# Work order:
Each line below is to be copied exactly; images do not go into the copy.

____________

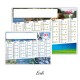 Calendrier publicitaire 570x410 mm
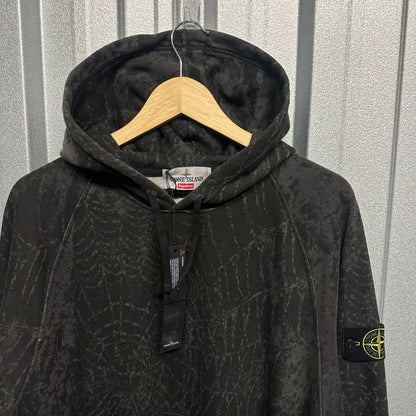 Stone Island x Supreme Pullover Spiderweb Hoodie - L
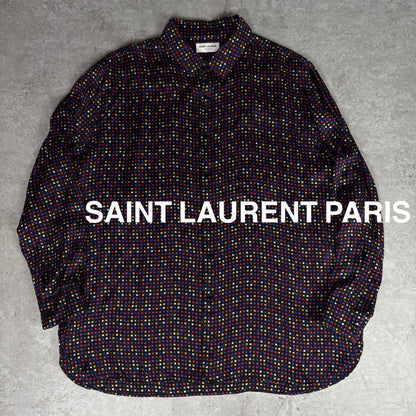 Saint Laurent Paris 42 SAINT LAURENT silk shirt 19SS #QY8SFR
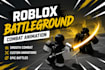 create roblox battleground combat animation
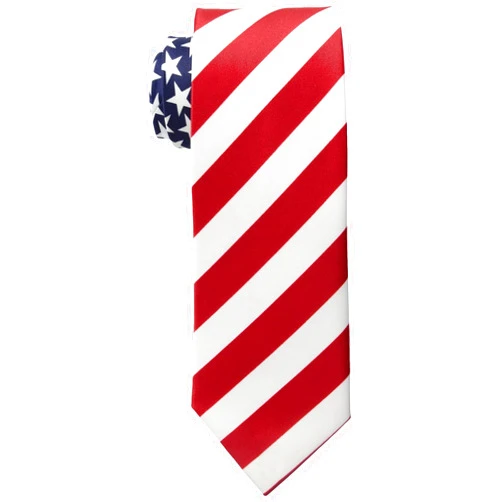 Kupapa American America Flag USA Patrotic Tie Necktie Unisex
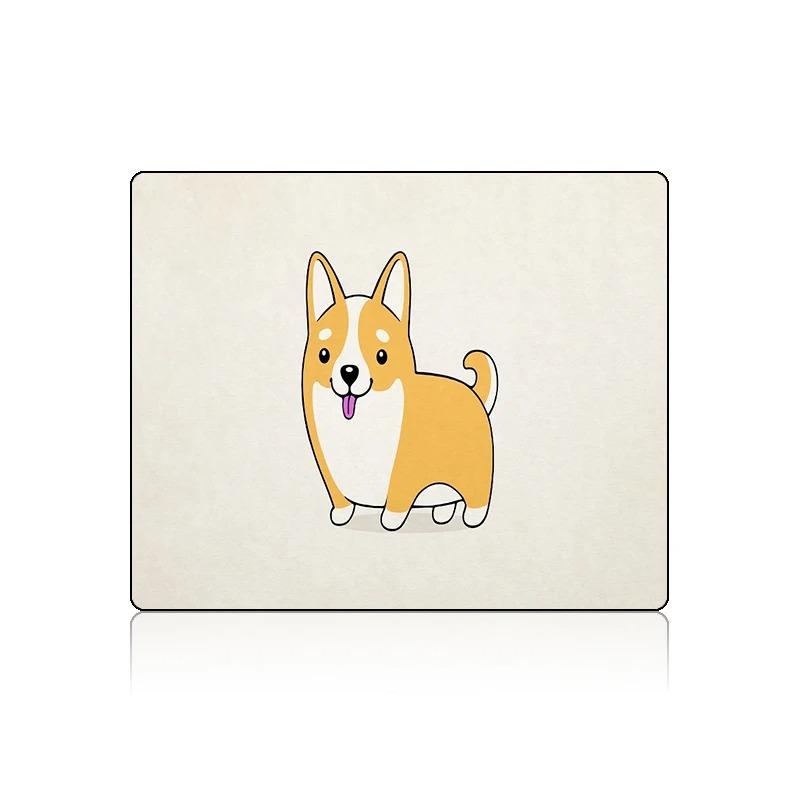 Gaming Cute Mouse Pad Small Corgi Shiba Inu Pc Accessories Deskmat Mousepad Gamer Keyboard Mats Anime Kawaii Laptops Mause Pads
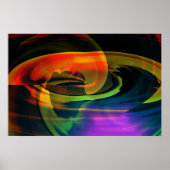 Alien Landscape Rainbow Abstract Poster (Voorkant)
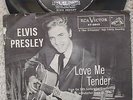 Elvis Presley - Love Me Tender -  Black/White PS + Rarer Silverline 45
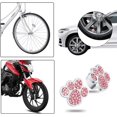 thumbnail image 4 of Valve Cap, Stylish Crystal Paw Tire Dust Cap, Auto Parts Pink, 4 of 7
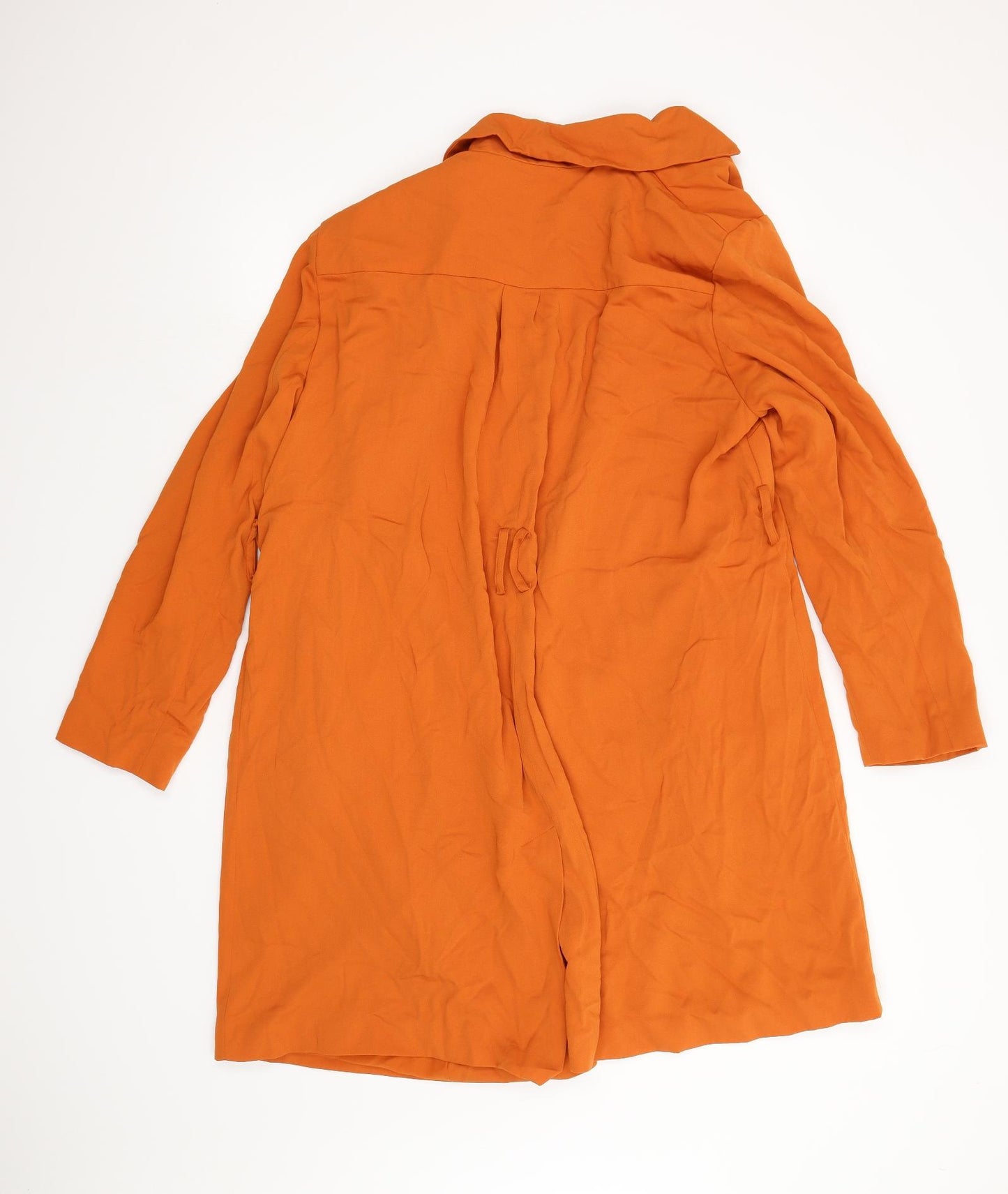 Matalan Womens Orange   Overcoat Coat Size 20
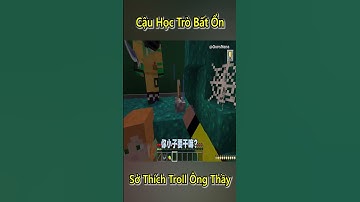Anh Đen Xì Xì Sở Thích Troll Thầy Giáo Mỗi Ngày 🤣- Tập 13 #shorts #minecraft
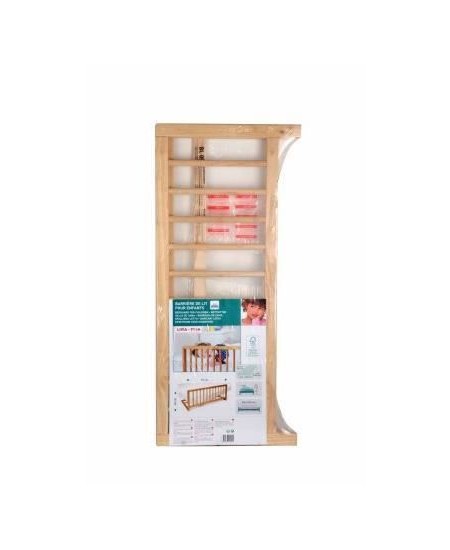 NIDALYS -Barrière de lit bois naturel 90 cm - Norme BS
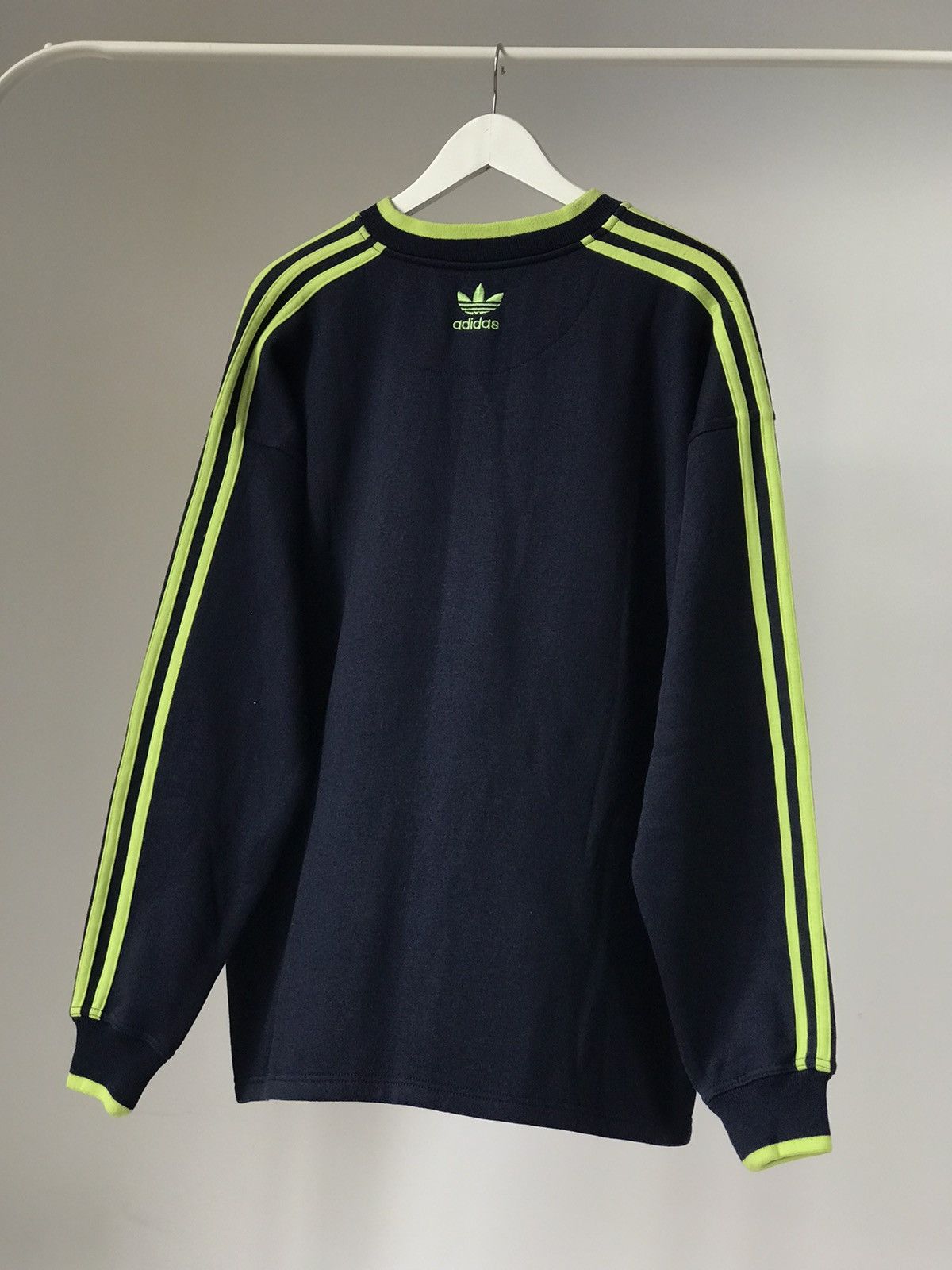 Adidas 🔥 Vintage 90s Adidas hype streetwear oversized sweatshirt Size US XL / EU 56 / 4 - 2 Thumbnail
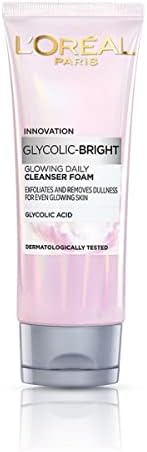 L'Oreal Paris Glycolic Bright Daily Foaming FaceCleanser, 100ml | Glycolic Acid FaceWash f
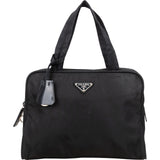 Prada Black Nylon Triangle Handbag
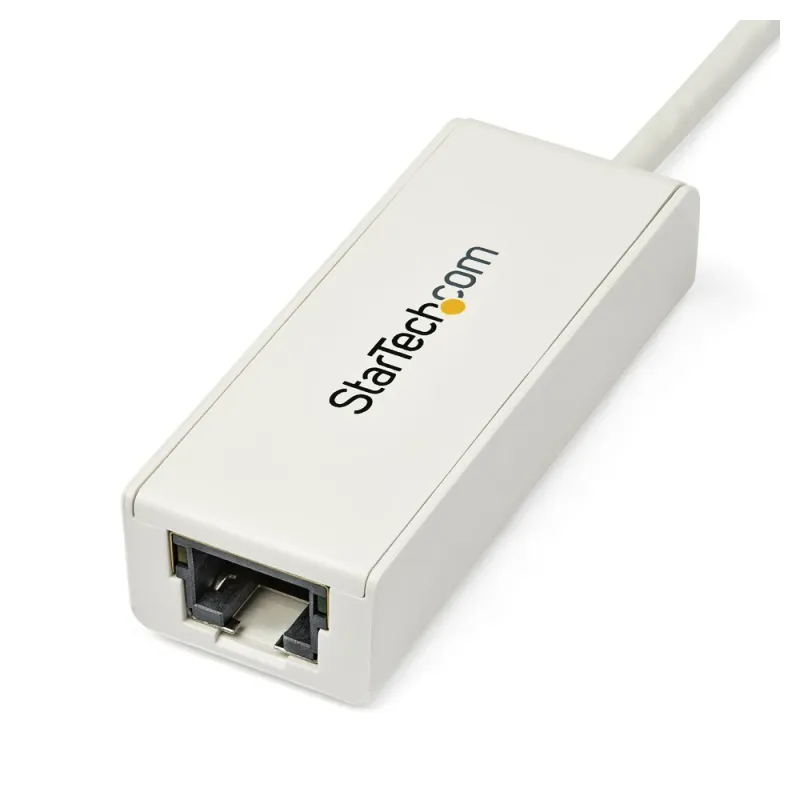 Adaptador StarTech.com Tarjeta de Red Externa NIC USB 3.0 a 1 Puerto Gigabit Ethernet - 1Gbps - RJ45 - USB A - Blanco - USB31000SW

____________

# Result for this task:
 Calendrier publicitaire 570x410 mm
 Stone Island x Supreme Pullover Spiderweb Hoodie - L
 Saint Laurent Paris 42 SAINT LAURENT silk shirt 19SS #QY8SFR
 create roblox battleground combat animation
 Kupapa American America Flag USA Patrotic Tie Necktie Unisex
 Gaming Cute Mouse Pad Small Corgi Shiba Inu Pc Accessories Deskmat Mousepad Gamer Keyboard Mats Anime Kawaii Laptops Mause Pads
 Alien Landscape Rainbow Abstract Poster (Voorkant)
 Elvis Presley - Love Me Tender -  Black/White PS + Rarer Silverline 45
 thumbnail image 4 of Valve Cap, Stylish Crystal Paw Tire Dust Cap, Auto Parts Pink, 4 of 7
 Matalan Womens Orange   Overcoat Coat Size 20
Anh Đen Xì Xì Sở Thích Troll Thầy Giáo Mỗi Ngày 🤣- Tập 13 #shorts #minecraft
 NIDALYS -Barrière de lit bois naturel 90 cm - Norme BS
 Adidas 🔥 Vintage 90s Adidas hype streetwear oversized sweatshirt Size US XL / EU 56 / 4 - 2 Thumbnail
 L'Oreal Paris Glycolic Bright Daily Foaming FaceCleanser, 100ml | Glycolic Acid FaceWash f
 Prada Black Nylon Triangle Handbag
 Adaptador StarTech.com Tarjeta de Red Externa NIC USB 3.0 a 1 Puerto Gigabit Ethernet - 1Gbps - RJ45 - USB A - Blanco - USB31000SW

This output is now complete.